Biometric facial recognition in education

Facial recognition is a biometric technology not much used in education.  If it is to be used it has been mooted that it will track children’s facial expressions to gauge response to lessons or on screen learning but it is now starting to creep into identifying and verification of students.

In the UK, facial recognition systems are not used in schools with the exception of one small instance of facial recognition being used in education in 2010 at the City of Ely Community College for registration purposes.  The college no longer uses the facial recognition system as it wasn’t suitable for the purpose intended; the scheme ran for around an academic year before being scrapped.

U-T San Diego file photo
Now the technology has matured over the past 5 years, facial recognition is coming back into education.  Encinitas Union School District, in California, students will log in to their iPads via facial recognition technology for a first-of-its-kind pilot project.  This involves the iPad scanning the child’s face every 60 seconds claiming to help kids log on to technology and for them not to forget their passwords.  If a child cannot be taught to remember their password then what hope is there for the schools to actually educate them!   This is not about remembering passwords or saving time logging on.  This is about constantly verifying the student so that the data controllers running the educational software can accurately gather data on that individual.  So here facial recognition is being used to identify and continuously verify.  Not without controversy though, parents are not happy with this constant biometric facial scanning for a number of reasons, invasion of privacy of minors and a that it a waste of money, with a petition set up against the facial recognition technology being used in this schools district.
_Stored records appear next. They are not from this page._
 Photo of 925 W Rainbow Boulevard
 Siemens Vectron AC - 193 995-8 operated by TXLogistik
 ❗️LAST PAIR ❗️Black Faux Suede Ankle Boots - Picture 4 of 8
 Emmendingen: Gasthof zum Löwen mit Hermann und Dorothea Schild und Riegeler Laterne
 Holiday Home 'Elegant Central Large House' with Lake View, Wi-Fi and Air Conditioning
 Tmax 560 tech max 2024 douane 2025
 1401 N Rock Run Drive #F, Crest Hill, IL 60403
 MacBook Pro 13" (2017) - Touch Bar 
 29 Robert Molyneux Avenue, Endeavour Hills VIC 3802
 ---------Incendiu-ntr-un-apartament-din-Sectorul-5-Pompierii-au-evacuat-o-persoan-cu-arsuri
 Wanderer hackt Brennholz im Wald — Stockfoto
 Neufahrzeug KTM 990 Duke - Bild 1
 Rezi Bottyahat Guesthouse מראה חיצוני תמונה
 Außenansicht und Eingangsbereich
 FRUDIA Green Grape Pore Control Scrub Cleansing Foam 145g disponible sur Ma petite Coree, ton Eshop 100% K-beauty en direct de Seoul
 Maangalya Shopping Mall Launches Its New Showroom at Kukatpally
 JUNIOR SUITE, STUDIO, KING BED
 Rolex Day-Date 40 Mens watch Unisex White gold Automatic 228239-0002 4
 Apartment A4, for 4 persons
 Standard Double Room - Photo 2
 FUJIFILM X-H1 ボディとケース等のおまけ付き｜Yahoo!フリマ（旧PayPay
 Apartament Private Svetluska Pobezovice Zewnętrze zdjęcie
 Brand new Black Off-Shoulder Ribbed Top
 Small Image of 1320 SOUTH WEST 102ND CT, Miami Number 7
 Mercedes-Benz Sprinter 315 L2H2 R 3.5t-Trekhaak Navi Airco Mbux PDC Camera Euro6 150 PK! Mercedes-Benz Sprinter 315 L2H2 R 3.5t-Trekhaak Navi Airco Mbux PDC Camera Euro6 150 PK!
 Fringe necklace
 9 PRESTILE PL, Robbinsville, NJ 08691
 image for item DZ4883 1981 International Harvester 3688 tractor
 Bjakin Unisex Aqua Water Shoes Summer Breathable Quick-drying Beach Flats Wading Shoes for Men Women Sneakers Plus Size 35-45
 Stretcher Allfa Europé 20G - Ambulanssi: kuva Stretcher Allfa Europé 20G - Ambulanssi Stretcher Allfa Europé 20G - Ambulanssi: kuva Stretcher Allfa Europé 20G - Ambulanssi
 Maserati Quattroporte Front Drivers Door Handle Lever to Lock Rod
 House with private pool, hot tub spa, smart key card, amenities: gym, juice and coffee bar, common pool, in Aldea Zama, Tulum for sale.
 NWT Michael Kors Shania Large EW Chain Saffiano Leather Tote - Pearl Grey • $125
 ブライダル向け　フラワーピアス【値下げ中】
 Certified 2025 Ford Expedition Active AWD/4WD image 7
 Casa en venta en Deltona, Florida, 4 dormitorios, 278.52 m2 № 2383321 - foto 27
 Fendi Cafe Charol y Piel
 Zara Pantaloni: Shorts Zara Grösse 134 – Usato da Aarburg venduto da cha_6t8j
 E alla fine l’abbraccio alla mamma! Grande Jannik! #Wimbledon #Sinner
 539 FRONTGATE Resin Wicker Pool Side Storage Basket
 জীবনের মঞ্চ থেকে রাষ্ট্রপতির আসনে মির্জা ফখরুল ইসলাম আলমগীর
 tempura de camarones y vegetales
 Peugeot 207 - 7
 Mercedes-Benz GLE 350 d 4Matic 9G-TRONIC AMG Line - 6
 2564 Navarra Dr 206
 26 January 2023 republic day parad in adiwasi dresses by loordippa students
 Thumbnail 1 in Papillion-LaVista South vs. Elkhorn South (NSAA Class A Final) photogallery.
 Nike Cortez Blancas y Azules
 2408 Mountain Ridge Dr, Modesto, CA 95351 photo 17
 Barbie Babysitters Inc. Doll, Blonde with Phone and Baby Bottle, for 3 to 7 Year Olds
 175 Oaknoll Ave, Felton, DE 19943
“Encinitas Union launched its iPad program in 2012, equipping each third-through sixth-grade student with a device to use for school work and lessons. Since then, the district has put iPads into the hands of all of its 5,400 students, at a cost of $2.7 million.
“It’s creepy to take a photograph of a kid every 60 seconds,” said Gil Saidy, who has a third grade son at Flora Vista Elementary School. “I don’t trust them. I don’t want these roving cameras in my house.”
“It’s a momma-bear’s instinct to protect their child. I just don’t know who has access to the face scans,” said another parent, Darcy Brandon. “Where is the data being stored?”

The pilot program would start with 100 students and, if successful, the technology could ultimately be added to all district iPads. Parents must opt-in to have their child use biometrics.”
At the very least it is an opt-in scheme so hopefully most parents will have the common sense to say ‘no’ to this unnecessary use of facial recognition, desensitising our kids to constant monitoring.
Unlike fingerprint or palm scanning biometrics used in schools, facial recognition is a non-participatory biometric with the ubiquitous scanning happening without conscious involvement.  What else is the facial scanning revealing?   

Educational companies are lining up with emotional face biometrics coming into education gauging how a student is feeling, where their eyes are looking, how they are reacting.  An article from September 2013 reports that SensorStar Labs have a product that records “When the student is looking up at the teacher, the teacher score goes up.  If she looks down at the computer, the computer score goes up. So we’re tracking facial expressions.  If she makes a smile, it might be indicative that is enthusiastic about the topic.”

Facial recognition has also been introduced at St Mary's High School, St Louis, for 'safety' reasons only allowing in to school registered members on the database.  This is thought to be the first instance of facial recognition being used in this way in the States.  There is also a 'watch list' of peoples faces not allowed in the school that alerts law enforcement if those persons of interest try to enter.  Presumably opting out of this facial recognition system is not an option for pupils as it would deny them entry to education.

Facial recognition seems to be emerging as the new educational biometric.  Not for the student convenience or safety, more about verification of data capture... who is where, doing what and when. 

Children are the most data mined section of our society.  Biometric facial verification more accurately authenticates the data grab and profiling of our kids.